独立開業への道を切り拓いた、料理への熱い「想い」、そこから生まれた下村シェフ「こだわりの厨房」とは?

「エディション・コウジ・シモムラ」ロゴÉdition Koji Shimomura
オーナーシェフ 下村浩司氏
1967年、茨城県生まれ。大阪辻調理師専門学校卒業後、都内フランス料理店勤務を経て22歳で渡仏。多くの2つ星・3つ星レストランで8年間修業後、2001年より「レストランFEU」料理長に就任。2002年に世界的権威のある料理大会「ウェッジウッド・アワード」の日本代表にノミネートされ、2004年にはアラン・デュカス氏主催のフランス大使館パーティの料理を任されて絶賛される。2007年7月30日、「エディション・コウジ・シモムラ」をグランドオープン。「料理で感動を与えるシェフ」、「フランス大使館が惚れ込んだシェフ」と高く評価されている。

Part1. 知識と経験を総動員してのぞんだ初めての厨房づくり

●「オーナーシェフになる」という決意と気概が出発点

下村シェフは若い時から、いずれ自分は必ずオーナーシェフになる、と決意していたと言います。「フランスのお店で働いていた時も、料理の技術はもちろん、厨房内のチームワークのあり方、そして店舗の設計やインテリアまで、すべて自分がオーナーだったらどうするか、という視点で考えていました。その思いがあったからこそ、いろんなものを吸収できたのだと思います」と下村シェフ。
今回「エディション・コウジ・シモムラ」の厨房を設計するにあたっても、その思いがいたるところに活かされています。「厨房を初めてゼロから設計する時、多くの人はプロの設計者にお任せしてしまうことが多い。でもそれでは、自分やスタッフの想いが反映された理想の厨房になるとは限りません。あくまで自分の経験やノウハウの蓄積に基づいて設計することが大切です。もちろん、専門家の助言は貴重です。今回も最新の厨房設備に関して、厨房コンサルタントや厨房設備業者、そして東京ガスさんから、貴重なアドバイスをたくさんいただきました。しかし重要なのは、それを自分の目と想いで取捨選択することです。その結果、使いやすく美しく、さまざまな状況に対応できる厨房が実現するのです。」(下村氏)

厨房

●下村流コンセプトは「スタッフにとっても快適な厨房」

では下村シェフは、今回どのような考え方で厨房を設計したのでしょう。「自然の風が入口から入り、窓からすうっと抜けていく、それが私が理想とした厨房でした」と下村氏。その言葉には、多くのフランス料理店で腕を振るった経験とノウハウに基づく、下村氏の厨房に対する熱い想いが込められています。
「具体的にいうと、お店はお客様だけではなく、スタッフにとっても快適でなくてはならない、ということです。スタッフが働きやすい厨房環境になっているか。プロの料理人にとって真に使いやすい厨房機器が設置されているか。そして最適な作業動線やコミュニケーションが確保される厨房レイアウトになっているか。こうしたさまざまな要素が組み合わさってこそ、理想の厨房が実現するのだと思います。」(下村氏)

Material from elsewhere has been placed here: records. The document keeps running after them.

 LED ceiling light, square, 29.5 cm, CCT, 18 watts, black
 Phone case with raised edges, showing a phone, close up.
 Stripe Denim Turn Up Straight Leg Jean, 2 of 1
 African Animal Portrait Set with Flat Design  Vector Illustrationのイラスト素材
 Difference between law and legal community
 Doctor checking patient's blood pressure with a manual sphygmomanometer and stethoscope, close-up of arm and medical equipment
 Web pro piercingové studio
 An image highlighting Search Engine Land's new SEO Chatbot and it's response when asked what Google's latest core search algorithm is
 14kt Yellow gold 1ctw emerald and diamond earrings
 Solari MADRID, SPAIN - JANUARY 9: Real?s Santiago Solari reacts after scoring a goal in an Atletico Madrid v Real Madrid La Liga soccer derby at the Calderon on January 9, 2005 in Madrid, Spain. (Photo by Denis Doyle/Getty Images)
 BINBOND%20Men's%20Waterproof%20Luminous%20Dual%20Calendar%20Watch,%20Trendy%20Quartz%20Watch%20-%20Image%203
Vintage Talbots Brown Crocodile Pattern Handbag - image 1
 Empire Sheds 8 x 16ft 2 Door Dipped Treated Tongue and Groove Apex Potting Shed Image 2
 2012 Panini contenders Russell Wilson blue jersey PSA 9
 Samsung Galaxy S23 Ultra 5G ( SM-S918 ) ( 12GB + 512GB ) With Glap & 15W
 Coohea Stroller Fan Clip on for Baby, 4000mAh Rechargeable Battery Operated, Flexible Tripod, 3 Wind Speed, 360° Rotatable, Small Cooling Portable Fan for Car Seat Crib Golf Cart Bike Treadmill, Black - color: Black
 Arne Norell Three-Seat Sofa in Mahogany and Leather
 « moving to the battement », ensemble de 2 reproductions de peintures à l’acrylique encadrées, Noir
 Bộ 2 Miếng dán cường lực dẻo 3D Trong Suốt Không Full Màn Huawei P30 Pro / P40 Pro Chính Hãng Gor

Part2. Photoドキュメント/最適厨房の施工は、こうして行われた

下村流「最適厨房」、ではその実際の施工はどのように行われたのでしょうか。6月初めからオープンまでを密着取材しました。短い工期にも関わらず、厨房設計コンサルタントや施工会社スタッフが下村シェフの思いを受け止め、工事は順調に進展。客室(個室)への音漏れや、排水口の傾斜の施工ミスなど、予期せぬトラブルも乗り越え、無事開店にまでいたりました。

6月1日
以前は別の飲食店が入っていた「六本木ティーキューブ」1階の店舗スペース。その床・壁・天井をすべて撤去したスケルトンの状態からスタートしました。床には壁や配管などの墨出し(位置決めの線)が引かれています。
6月18日
厨房スペースには防水加工が施されました。写真右上には六本木通りに面した搬入口が見えます。以前入っていた飲食店では客席が表通りに面していたものを、スタッフがその日の天候を感じ取れるようにとの考えで、厨房と客席の配置を逆にしました。
6月27日
排気・空調のダクトが施工されました。太いダクトの横には、換気天井システム(※)をつり下げて設置するためのコードも見えます。雑然としており、フランス料理の店舗・厨房の雰囲気は、まだ感じられません。
7月5日
厨房の床に、コンクリートで排水溝やグリストラップが成形されました。同時に、下村シェフが「快適な厨房環境のためにどうしても入れたかった」とこだわった換気天井システムも、床で組み立てた後に吊り上げられ、ダクトと結合されました。
7月12日
厨房機器を載せるコンクリートベースの土台づくりが進みます。コンクリートベース工法のメリットは、機器の下にすき間がない設置方法のため、ゴミ・水・虫などの侵入を防ぎ、衛生的であることです。また、コンクリート床の上には、長尺シート(※)を貼り付けます。壁や天井などの内装も同時並行で進められています。
7月14日
ガスレンジや冷蔵庫、オーブンなど、厨房機器が搬入され、一気に厨房らしい姿に変身しました。コンクリートベースの上にコールドテーブルが設置されているのがわかります。換気天井システムもすっかり完成しました。壁や床の細かな仕上げに対しても、下村シェフの厳しい目が光ります。
7月17日
コーヒーメーカーなど、細かな調理機器の搬入が始まり、開店にむけた仕込み作業も開始されました。
7月20日
客席の内装や、テーブルや椅子などの搬入も始まり、開店にむけた緊張は一気に高まります。スタッフのトレーニングも大詰めを迎えています。

(写真上)排水溝。デッキブラシの幅に合わせ、開口部を最小限に。排水溝蓋のガタツキを防ぐ為、蓋の下部にゴムパッキンを貼り付けてある。

(写真下)コンクリートベース仕様。コンクリートの台の上に機器を設置。ゴミをシャットアウトし、清掃性を向上。

7月27日
いよいよ、プレオープン! 下村シェフの20年来の経験とノウハウが凝縮した、こだわりの厨房のデビューです。オープニングパーティには、この日を待ちわびた200人以上の関係者・ファンがつめかけ、開店を祝いました。

※換気天井システム:天井全体がフードの役割を果たし、排気を補集する換気システム。効率的な換気で快適な厨房環境を実現します。
※長尺シート:乾きやすく、滑りにくく、汚れに強く、部分補修もしやすい床材。